This is where machine learning comes in. It can handle the information big data pumps out because it can perform analytic tasks without explicit programing or instruction. Machine learning can generate an email in your inbox that says, “Rainy days call for ordering in,” with a link to that last order from your go-to takeout spot.

In academia, big data and machine learning are put to use for other purposes, but the tools are the same. Advanced maps can be a useful way for making sense of enormous amounts of information, allowing users to interact with data in a way they couldn’t before. They can zoom in on a digital map, examining a single street. Or they can filter a map, only seeing the information that’s most useful or interesting. Maps’ many layers offer a powerful flexibility.

With a proliferating amount of data and the flexibility and power of digital tools, researchers are spoiled for choice. What information should they use, and what should be left out? The key, says, Daniel Aldana Cohen, Assistant Professor of Sociology, is “not to be intimidated by large data sets and instead approach data with questions about how the world works.”

All of the technology at our disposal would be of little use without a human hand to guide it. The faculty members profiled here bring their training to bear on big data, asking it questions shaped by disciplinary concerns and guided by insights gleaned by previous research. The answers, plotted on digital maps of city blocks, ancient sites, and vast sectors of the night sky, chart a new way for scholarship. 

A Portal Into the Past

As an anthropological archaeologist, Emily Hammer has used maps for her entire career, but in that time the very concept of a map has changed. “I feel very differently from undergraduates I teach,” says the assistant professor of Near Eastern languages and civilizations. “For them, a map is a backdrop because your phone can tell you where to turn, and I remember this time when maps were primarily objects.”

Emily Hammer, Assistant Professor of Near Eastern Languages and Civilizations

Hammer is taking full advantage of advances in digital mapping, from compiling big data and conducting quantitative spatial analyses, to creating interactive maps that both academics and laypeople can explore and build upon.

For as long as archaeologists have excavated ancient sites, they have mapped the architecture and items they found, painstakingly measuring and drawing plans. In the mid-20th century, they expanded their horizons to include the space around these sites, showing the relationship of sites to environmental features like current and ancient river channels, different types of soils, and other settlements.

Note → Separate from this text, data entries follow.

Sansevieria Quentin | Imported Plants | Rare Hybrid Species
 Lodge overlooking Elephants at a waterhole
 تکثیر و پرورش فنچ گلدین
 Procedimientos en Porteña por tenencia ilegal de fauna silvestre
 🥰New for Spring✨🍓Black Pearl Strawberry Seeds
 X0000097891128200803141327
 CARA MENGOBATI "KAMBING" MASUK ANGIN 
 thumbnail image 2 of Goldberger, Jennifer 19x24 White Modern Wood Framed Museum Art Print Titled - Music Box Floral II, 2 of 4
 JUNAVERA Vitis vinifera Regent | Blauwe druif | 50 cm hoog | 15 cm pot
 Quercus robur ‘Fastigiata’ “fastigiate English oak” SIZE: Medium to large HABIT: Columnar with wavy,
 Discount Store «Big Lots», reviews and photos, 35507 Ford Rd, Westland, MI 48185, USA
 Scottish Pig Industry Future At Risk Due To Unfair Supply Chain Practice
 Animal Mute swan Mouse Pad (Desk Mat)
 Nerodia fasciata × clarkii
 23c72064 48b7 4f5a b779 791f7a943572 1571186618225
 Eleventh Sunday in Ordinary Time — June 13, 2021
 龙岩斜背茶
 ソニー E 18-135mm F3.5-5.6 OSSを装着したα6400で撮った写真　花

They started using aerial photos that could show traces of long-ago waterways or fields.

Around 2014 or 2015, Hammer and Jason Ur of Harvard University realized that photos of the Middle East taken by U-2 spy planes starting in the 1950s would be invaluable for this type of work. They spent five years tracking down, reproducing, and indexing U-2 negatives in the National Archives. To generate archaeological data for their work on ancient Mesopotamian cities, they trace archaeological features and sites visible in the images. These data are combined with on-the-ground observations to create more accurate and informative map representations of ancient landscapes, environments, and settlements.

(L–R) U-2 images of southern Iraq in the late 1950s and early 1960s show the position of Marsh Arab communities, many of which disappeared after hydroelectric dams impounded the rivers, and the government of Saddam Hussein drained the marshes; Distribution and size of Marsh Arab villages in the Central Marshes of southern Iraq, U-2 mission 1554, January 1960.

The timing of the U-2 images was important. “In the mid-20th century in the Middle East, cities were starting to grow and modern mechanized agriculture was introduced in many rural areas for the first time,” Hammer explains. “Traces of archaeological features started to be erased by development much faster than they had been before.”

The U-2 images also give a window into the lives of Marsh Arabs, groups of people living in wetlands in South Iraq. More than half a million people lived in reed houses, fishing, hunting, harvesting reeds, and herding water buffalo, until Saddam Hussein drained the marshes in the 1990s. “This is a destroyed way of life,” says Hammer. “But with U-2 photos we can travel back in time see what life was like in the world of the marshes.”

Mapping has also been enhanced and greatly eased by the development of GPS technology, now readily available, inexpensive, and accurate to within a meter. Researchers use drones to take their own aerial shots and gather topographic data. The amount of free geospatial data archaeologists can access, through government repositories and Google Earth, has grown exponentially. And digital mapping software allows them to put it all together in new ways—from discovering the suburbs surrounding the ancient Mesopotamian city of Ur, to a project by Hammer’s students, who mapped patterns among the graves of commoners buried in Ur’s “Royal Cemetery.”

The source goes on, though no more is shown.